CPU Performance Evaluation - Visual Basic 2010 Benchmark
Question 1 |
Which Single Core CPU has the best performance |
Question 2 |
Which Dual Core CPU has the best performance |
Question 3 |
Which Quad Core CPU has the best performance |
Question 4 |
Is it worthwhile to uses parallel programming in simulations |
Question 5 |
What should a benchmark test |
Question 6 |
What is the best CPU architecture |
Question 7 |
Is Amdahl's Law true |
Purpose
If you study this homepage you will see that one central theme is computer simulations of physical systems, specific the planets around the Sun. The programs are written in Quick Basic and Visual Basic. Some programs are written using Excel, which in practice means also in Visual Basic.
Recently I bought a new PC. In order to test I run a planet simulation: Planet3Dsimple and I discovered that the performance was less than my previous PC. Planet3Dsimple is written using Visual Basic 5.0.
In order to better understand I tested the same program for 5 different CPU's. The program tested has a processor load of 100%. Following are the results:
- Intel Core i5 M 460 @ 2.53 GHzThis one has a CPU Mark of 2539. Evaluation 7 planets: 5.2
- Intel Pentium 4 2.80 GHzThis one has a CPU Mark of 415. Evaluation 7 planets: 8.38
- Intel Pentium 4 3.00 GHzThis one has a CPU Mark of 491. Evaluation 7 planets: Start value 9.5 and drops.
- GenuineIntel X86 Family 6 Model 8 Stepping 3. Evaluation 7 planets: 2.54
- GenuineIntel Pentium(r) II processor intel MMX(TM) technology. Evaluation 7 planets: 1.44
CPU 1 is a DUAL core and supports 4 Threads. This means that the same program can be executed 4 times in order to reach 100% load. If you load the program 1, 2, 3 or 4 times the average performance figures are: 5.2 4.8 4.1 and 3.6
CPU 2 is a Single core and supports 1 Thread.
CPU 3 is a Single core and supports 2 Threads.

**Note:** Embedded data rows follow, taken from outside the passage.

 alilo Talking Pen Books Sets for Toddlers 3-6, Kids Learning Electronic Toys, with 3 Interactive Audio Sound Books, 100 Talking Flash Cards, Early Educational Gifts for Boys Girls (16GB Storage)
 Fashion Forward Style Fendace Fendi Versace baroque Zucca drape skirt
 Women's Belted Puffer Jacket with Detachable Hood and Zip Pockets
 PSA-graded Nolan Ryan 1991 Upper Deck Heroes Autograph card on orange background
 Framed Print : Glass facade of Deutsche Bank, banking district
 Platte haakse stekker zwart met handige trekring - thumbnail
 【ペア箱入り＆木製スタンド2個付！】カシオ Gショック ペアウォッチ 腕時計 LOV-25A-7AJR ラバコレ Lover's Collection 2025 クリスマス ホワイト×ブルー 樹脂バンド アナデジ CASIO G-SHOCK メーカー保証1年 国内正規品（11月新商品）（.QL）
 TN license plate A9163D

The results of the test show that CPU 2 has the best performances to solve a single solution. The problem with CPU 3 is that the performance is not constant. For more detail see: Benchmark Pentium 4 For CPU 1 the performance is not as expected and decreases if more load is added.

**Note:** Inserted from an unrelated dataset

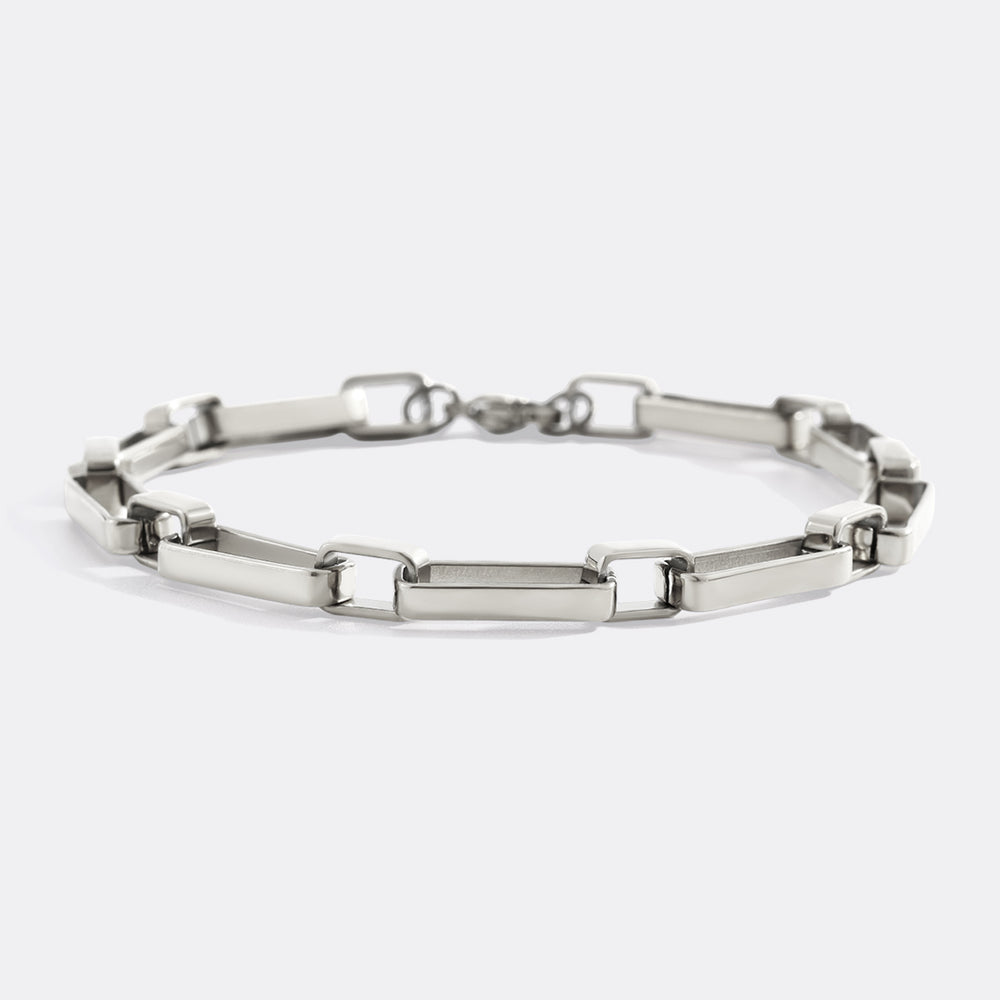 Silver bracelet on a white background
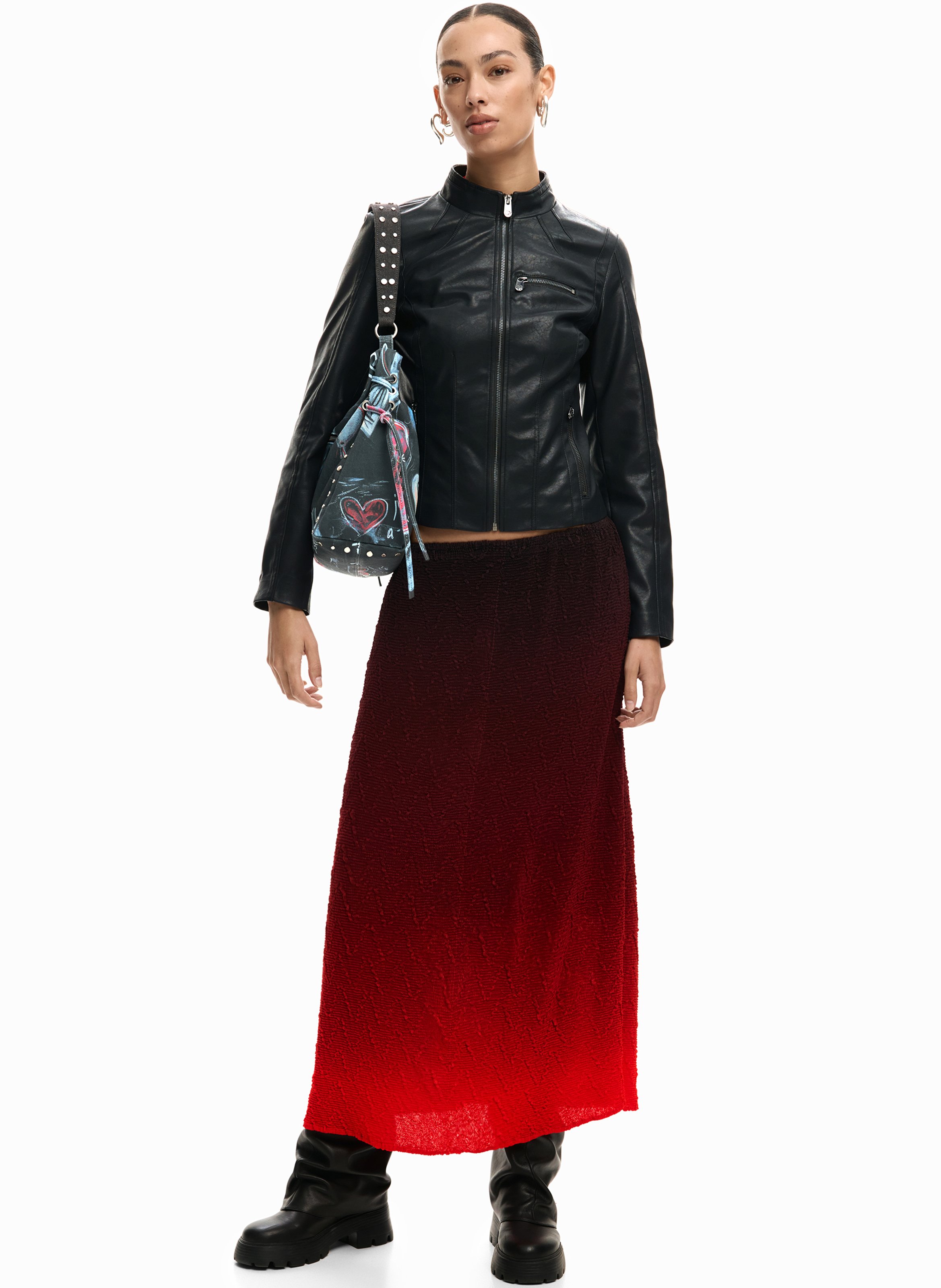 Veste col rond effet cuir DESIGUAL Noir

For a detailed evaluation of Visual Basic 2010 go here: Visual Basic 2010 Evaluation
Parallel Programming
For an introduction read this: Visual Basic 2010 Parallel Programming techniques
The next step is to write a Visual Basic program and use parallel programming.

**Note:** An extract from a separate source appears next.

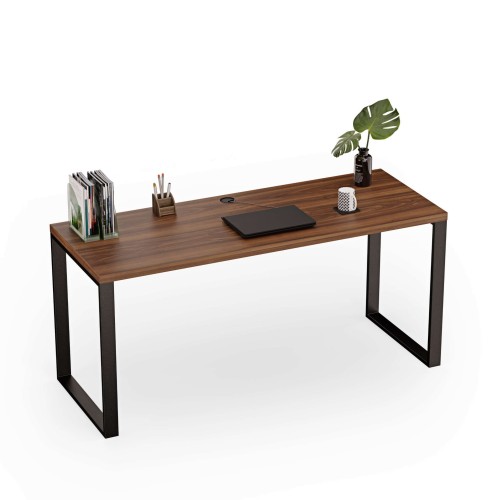 Biurko z metalowymi nogami - Orzech (1).jpg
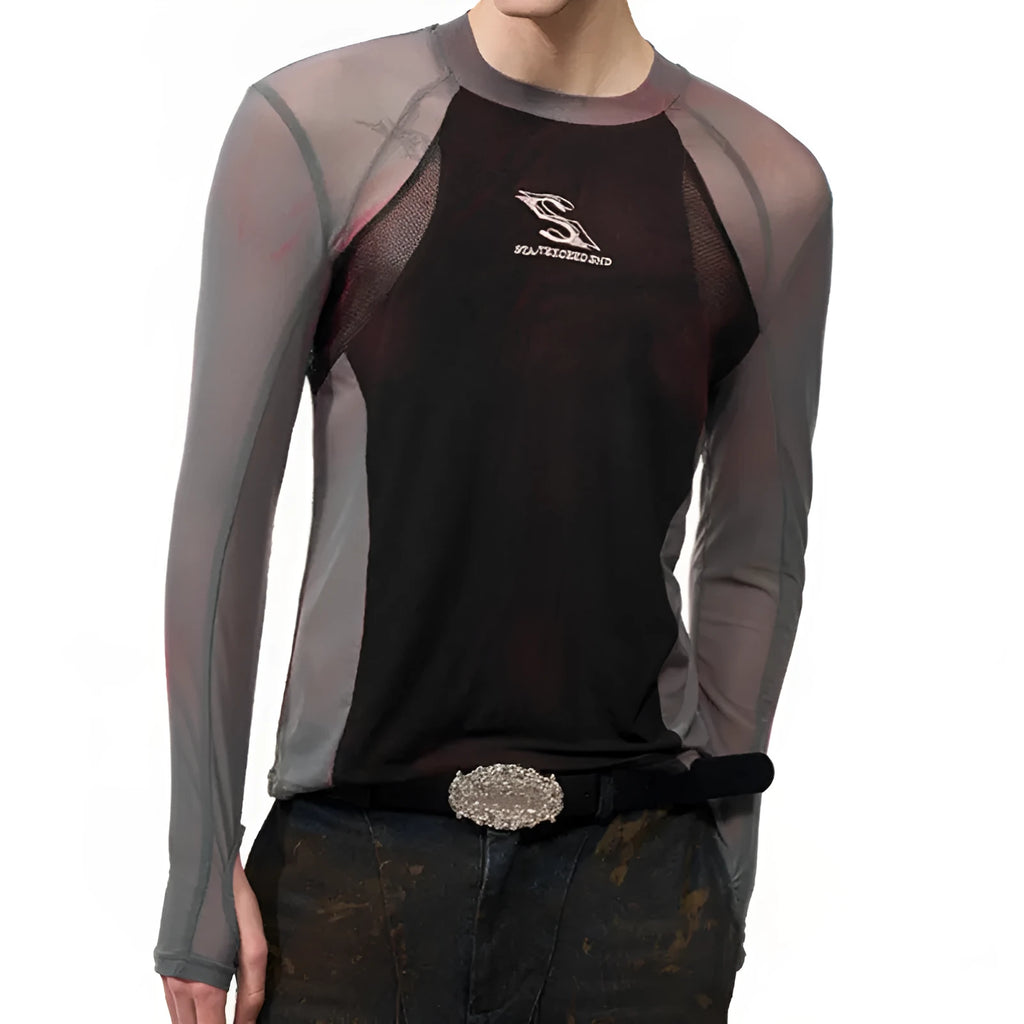 Tight mesh stitching long sleeve top with round neck in picture colour, available in sizes M to XXL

Visual Basic 2010 (Visual Studio) supports parallel programming and parallel threading.
To get more information about threading in general read this Microsoft MSDN document:
- Threads and Threading and Wikipedia
OpenMP - Open Multi Programming
-
More detailed information about Multi Programming and Threading including advantages and disadvantages: Multi processors and Threads
In order to support parallel programming Visual Basic 2010 uses what is called a Backgroundworker. Each backgroundworker is equivalent with a thread and runs in a different processor. To get more information what a backgroundworker is read this Microsoft MSDN document: BackGroundWorker.
The document describes two examples.
- The first example (Called Backgroundworker) is used as a starting point or frame for the applications VStest1 and VStest2 described in the next paragraph.
- The second example (Called Fibonacci) is used as a starting point or frame for PlanetPP described in: CPU performance - part 2
The Backgroundworker program example is operated via what is called a Form. The Form contains two buttons: A Start button and a Cancel Button.
The Backgroundworker program example consists of 4 Event Handlers and one BackGroundworker.
- StartAsyncButton EH. This Event Handler is linked to the Start Button and Starts the execution of BackGroundworker.
- CancelAsyncButton EH. This Event Handler is linked to the Cancel Button and Ends the execution of the BackGroundworker.
- Dowork. This is the name of BackGroundworker. This is the program where the actual calculations (of what you want to calculate or simulate) are done.
- ProgressChanged EH. This event handler updates (when activated) the Form which progress information of the program.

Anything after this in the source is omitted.